#### DATA BELOW
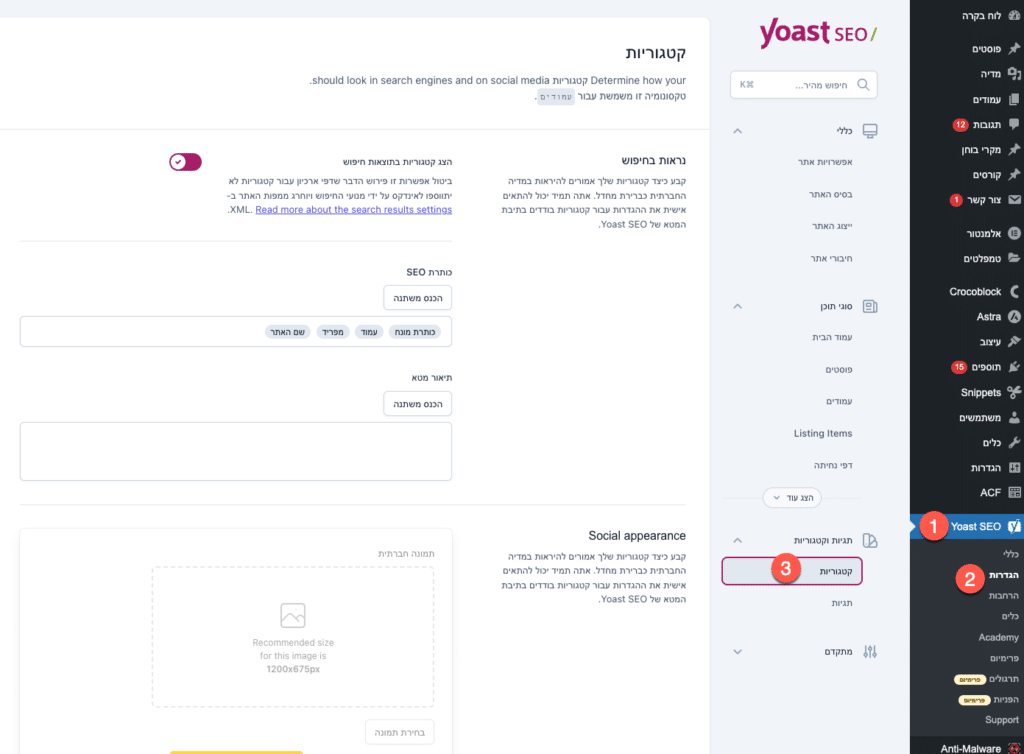 yoast sitemap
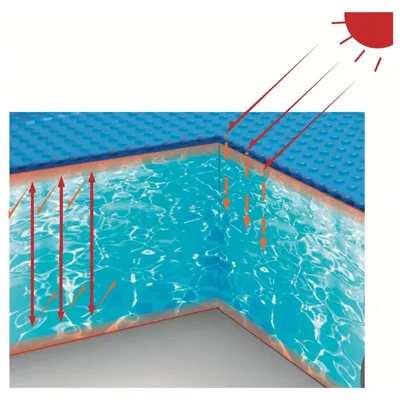 Produktbild von Avenli Solarabdeckplane Ø 364 cm für Ø 450cm Prompt Set Pools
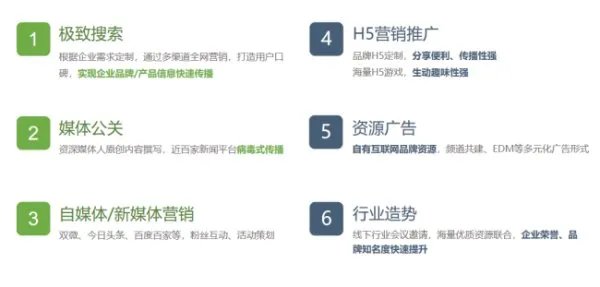 北京搜索引擎营销外包有那几家比较好的？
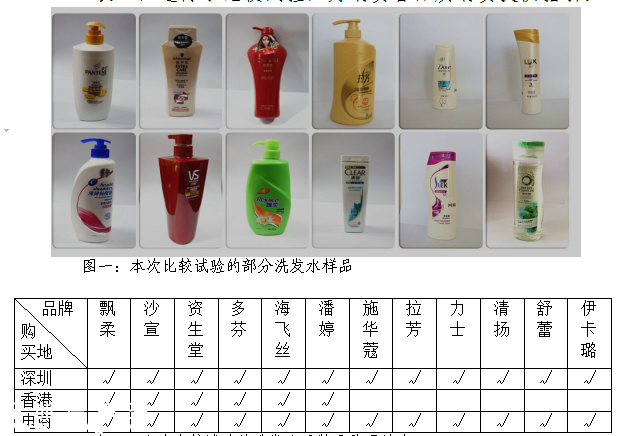深圳市消委揭秘洗發(fā)水超優(yōu)榜單 你適合哪款洗發(fā)水？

#### EXERCISE PROMPT
Exclude the pictures, and transcribe all of the material exactly.

#### COMPLETED EXERCISE
 yoast sitemap
 Produktbild von Avenli Solarabdeckplane Ø 364 cm für Ø 450cm Prompt Set Pools
 北京搜索引擎营销外包有那几家比较好的？
深圳市消委揭秘洗發(fā)水超優(yōu)榜單 你適合哪款洗發(fā)水？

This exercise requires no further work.